WHAT IS BEING ASKED: Would you repeat the data below exactly, taking out the images?

EXERCISE INPUTS:

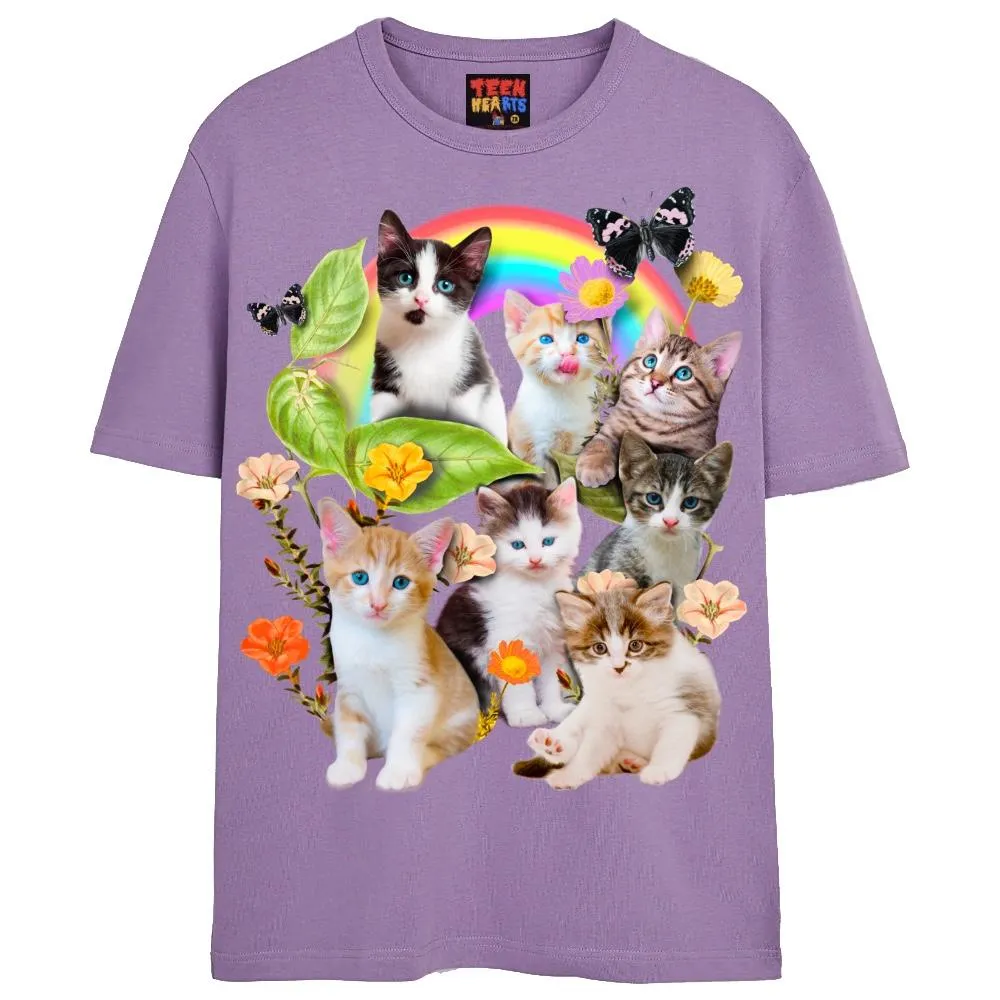 CUTE KITTENS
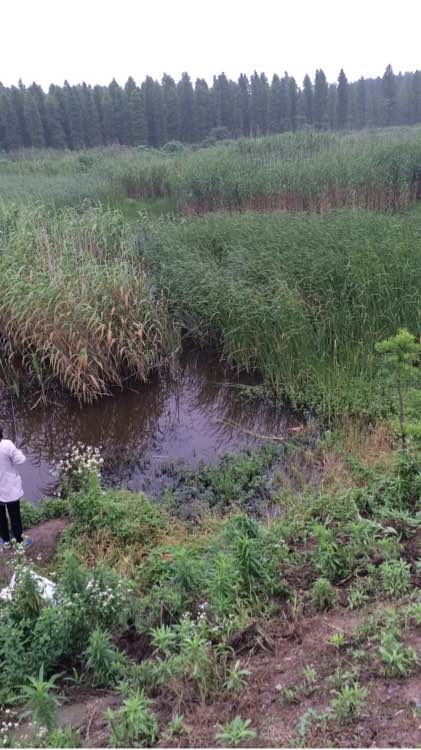 江边抓到一群乌龟,在河里抓的超大的巴西龟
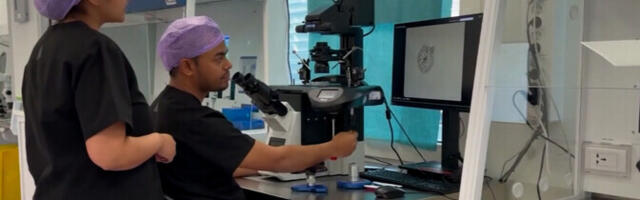 Датский донор спермы с онкогенной мутацией стал отцом 197 детей по всей Европе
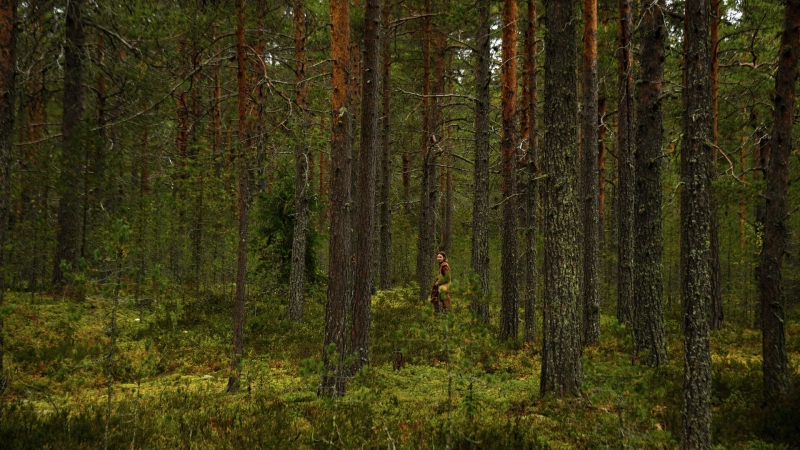 Парламентарии Карелии предложили изменить Лесной кодекс России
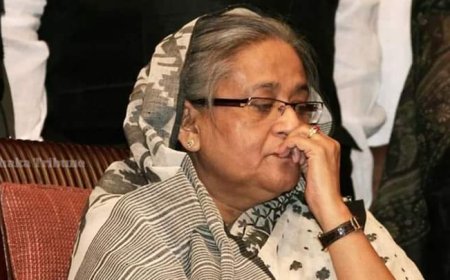 শেখ হাসিনাসহ পলাতকদের ফিরিয়ে আনতে রেড নোটিশ জারি করছে সরকার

TASK SOLUTION:
 CUTE KITTENS
 江边抓到一群乌龟,在河里抓的超大的巴西龟
 Датский донор спермы с онкогенной мутацией стал отцом 197 детей по всей Европе
 Парламентарии Карелии предложили изменить Лесной кодекс России
 শেখ হাসিনাসহ পলাতকদের ফিরিয়ে আনতে রেড নোটিশ জারি করছে সরকার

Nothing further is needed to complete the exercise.